Recent studies [26,27] regarding the use of LLMs to answer laboratory test result questions from medical professionals found that ChatGPT may give superficial or incorrect answers to laboratory test result–related questions and can only provide accurate answers to approximately 50% of questions [26]. They also found that ChatGPT’s responses were not sufficiently tailored to the case or clinical questions to be useful for clinical consultation. For instance, diagnoses of liver injury were made solely based on γ-glutamyl transferase levels without considering other liver enzyme indicators. In addition, high levels of glucose and glycated hemoglobin (HbA1c) were both identified as indicative of diabetes regardless of whether HbA1c levels were normal or elevated. These studies also highlighted that GPT-4 failed to account for preanalytical factors such as fasting status for glucose tests and struggled to differentiate between abnormal and critically abnormal laboratory test values. Our study observed similar patterns, where a normal HbA1c level coupled with high glucose levels led to a diabetes prediction and critically low iron levels were merely classified as abnormal.

In addition, our findings also show that GPT-4 accurately distinguished between normal, prediabetic, and diabetic HbA1c ranges considering fasting glucose levels and preanalytical conditions such as fasting status. Furthermore, in cases of elevated bilirubin levels, GPT-4 correctly associated them with potential jaundice citing the patient’s yellow eye discoloration and appropriately considered a comprehensive set of laboratory test results—including elevated liver enzymes and bilirubin levels—and significant alcohol intake history to recommend diagnoses such as alcoholic liver disease, hepatitis, bile duct obstruction, and liver cancer.

On the basis of our observation with the limited number of questions, we found that patients’ questions are often less complex than professionals’ questions, making ChatGPT more likely to provide an adequately accurate answer to such questions. In our manual evaluation of 7 selected patients’ laboratory test result questions, 91% (32/35) of the ratings from 5 medical experts on GPT-4’s response accuracy were either 1 (very high) or 2 (high).

Through this study, we gained insights into the challenges of using generative LLMs to answer patients’ laboratory test result–related questions and provide suggestions to mitigate these challenges. First, when asking laboratory test result questions on social Q&A websites, patients tend to focus on laboratory test results but may not provide pertinent information needed for result interpretation. In the real-world clinical setting, to fully evaluate the results, clinicians may need to evaluate the medical history of a patient and examine the trends of the laboratory test results over time. This shows that, to allow LLMs to provide a more thorough evaluation of laboratory test results, the question prompts may need to be augmented with additional information. As such, LLMs could be useful in prompting patients to provide additional information. A possible question prompt would be the following: “What additional information or data would you need to provide a more accurate diagnosis for me?”

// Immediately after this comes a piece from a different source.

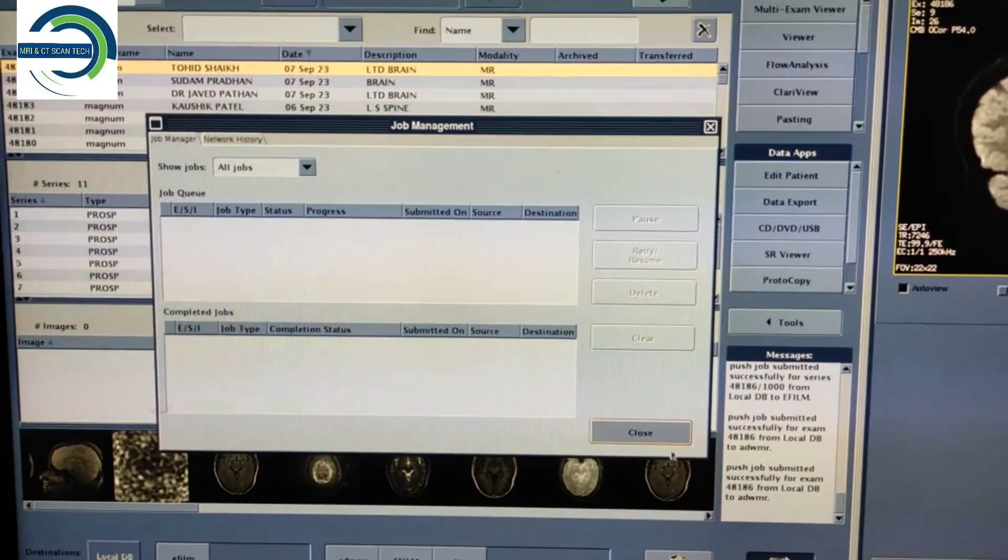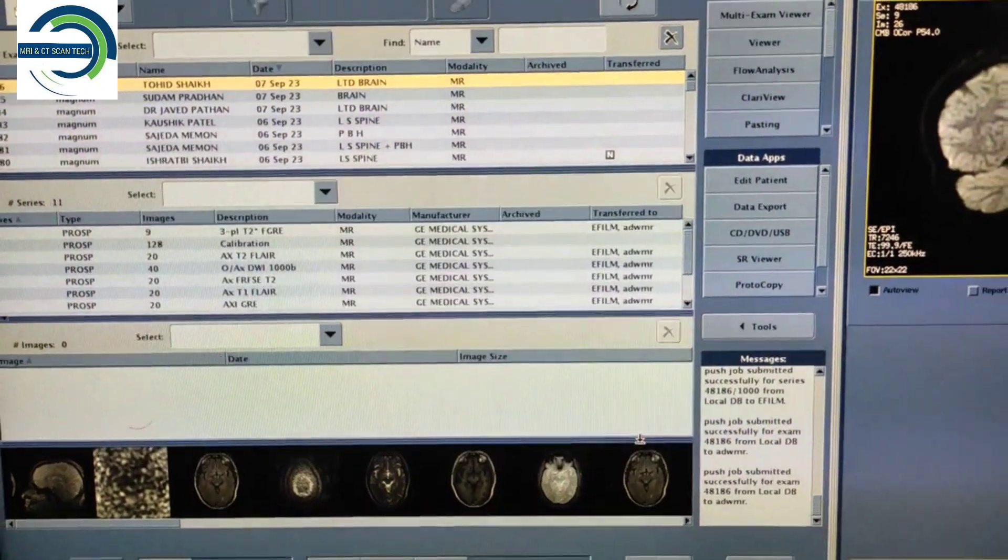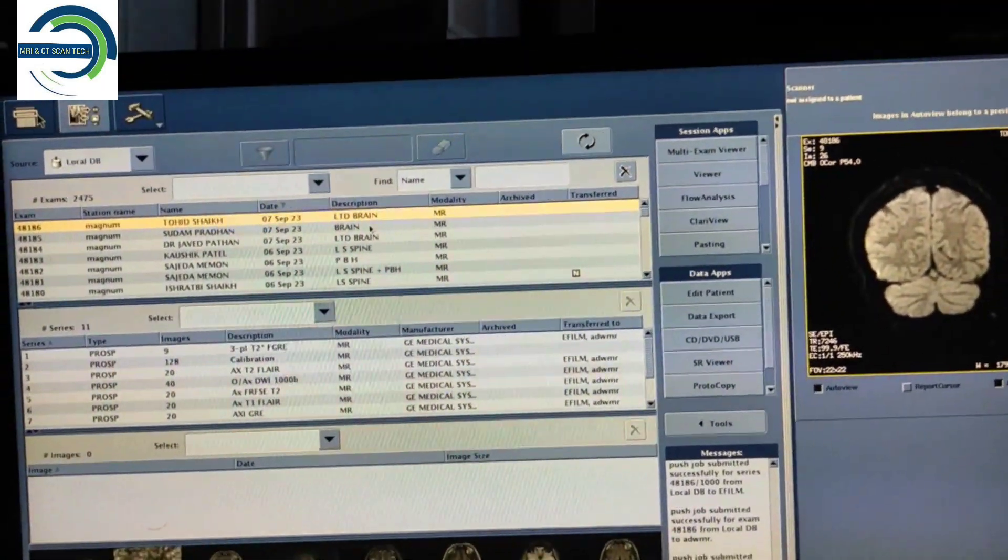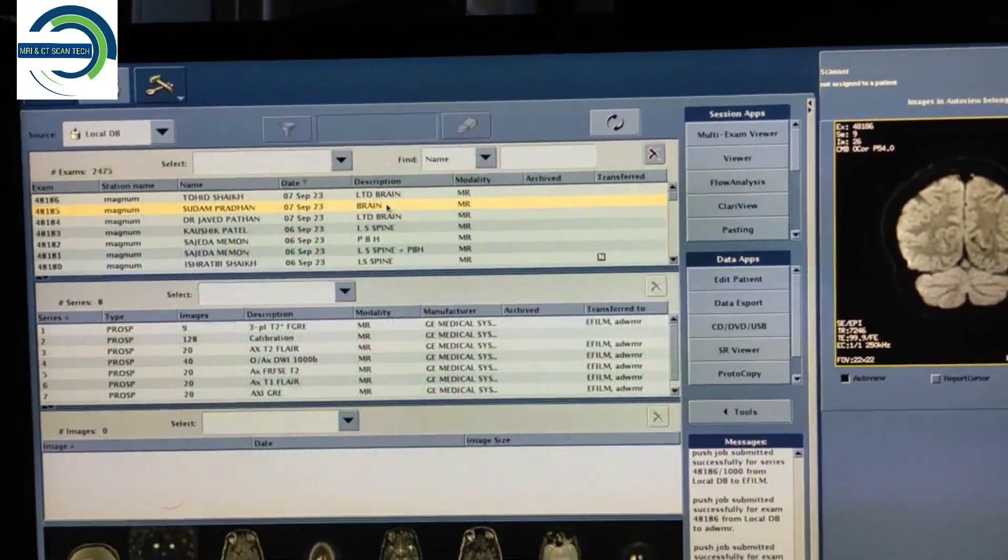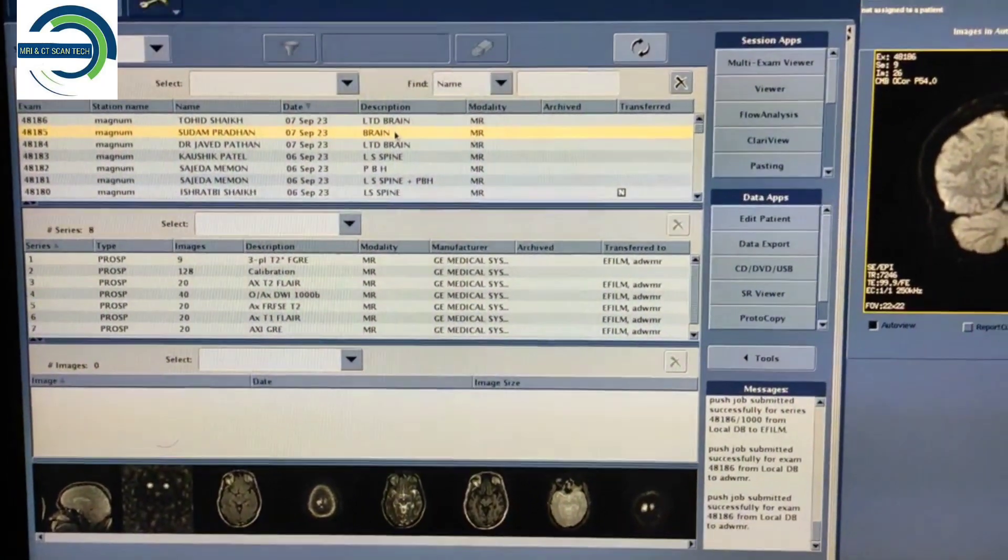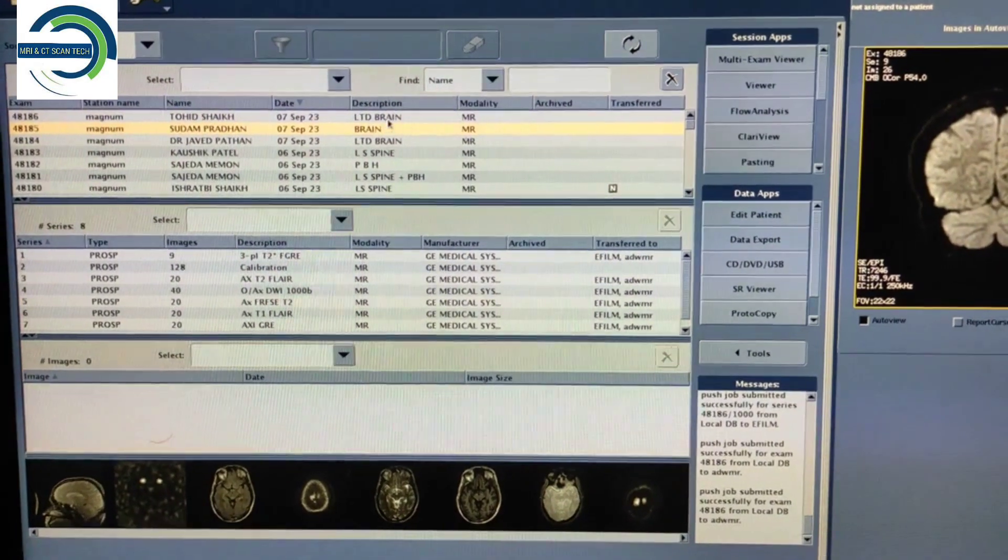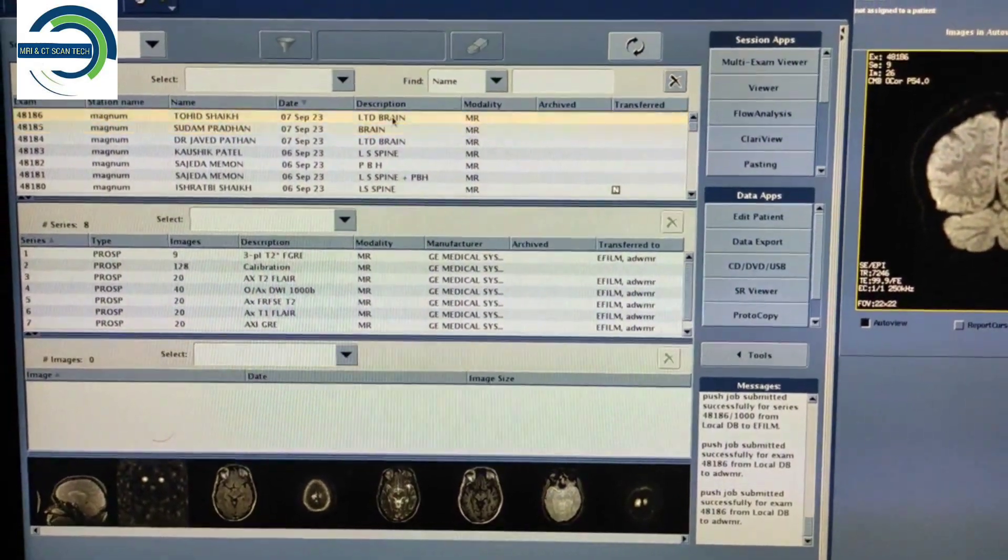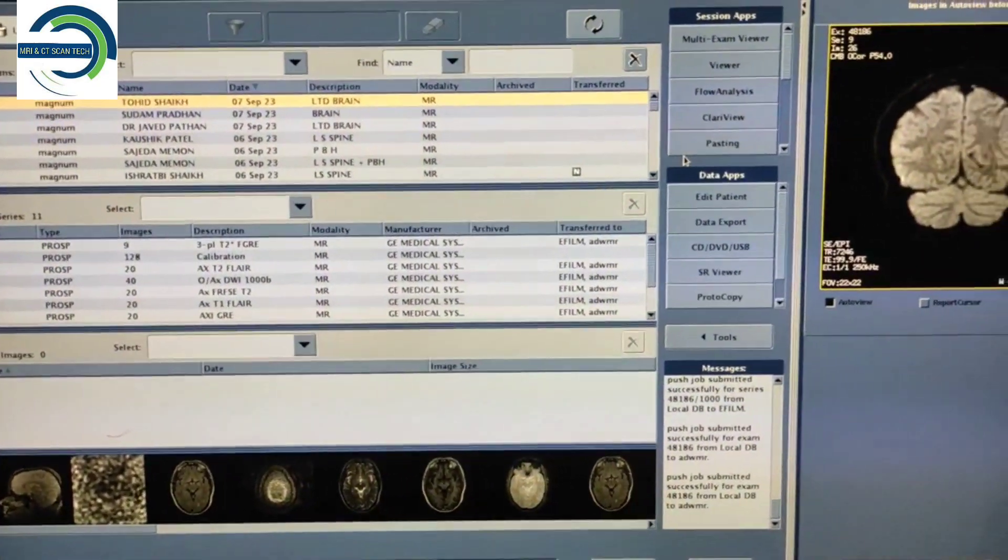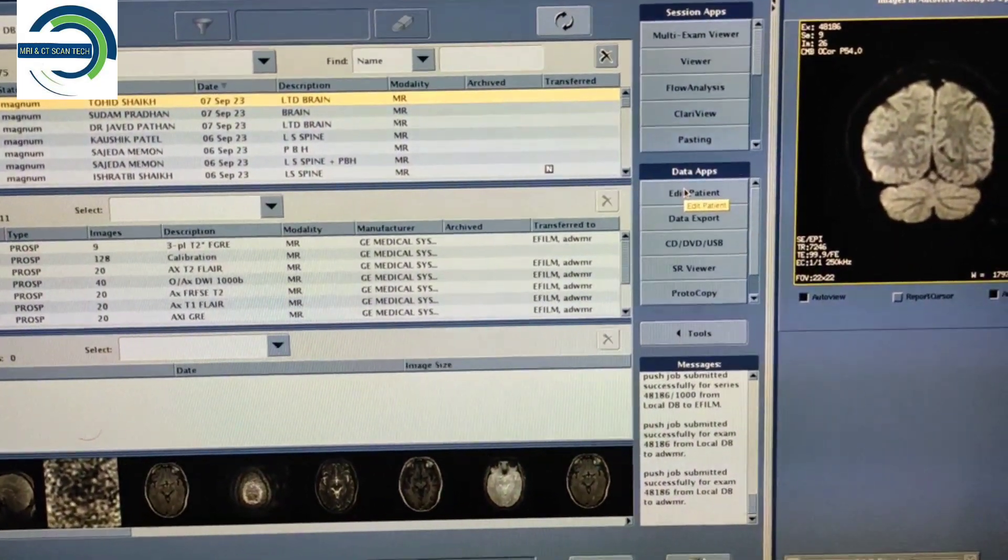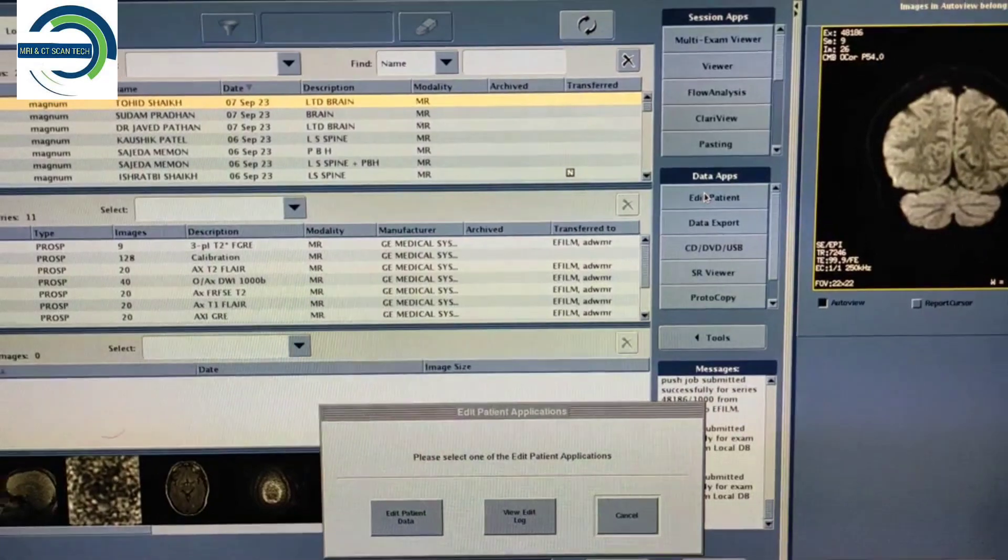You have to remove the series which was in use. Then after, you have to click on the patient name again and select Edit Patient.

Second, we found that it is important to understand the limitations of LLMs when answering laboratory test–related questions. As general-purpose generative AI models, they should be used to explain common terminologies and test purposes; clarify the typical reference ranges for common laboratory tests and what it might mean to have values outside these ranges; and offer general interpretation of laboratory test results, such as what it might mean to have high or low levels in certain common laboratory tests. On the basis of our findings, LLMs, especially GPT-4, can provide a basic interpretation of laboratory test results without reference ranges in the question prompts. LLMs could also be used to suggest what questions to ask health care providers. They should not be used for diagnostic purposes or treatment advice. All laboratory test results should be interpreted by a health care professional who can consider the full context of one’s health. For providers, LLMs could also be used as an educational tool for laboratory professionals, providing real-time information and explanations of laboratory techniques. When using LLMs for laboratory test result interpretation, it is important to consider the ethical and practical implications, including data privacy, the need for human oversight, and the potential for AI to both enhance and disrupt clinical workflows.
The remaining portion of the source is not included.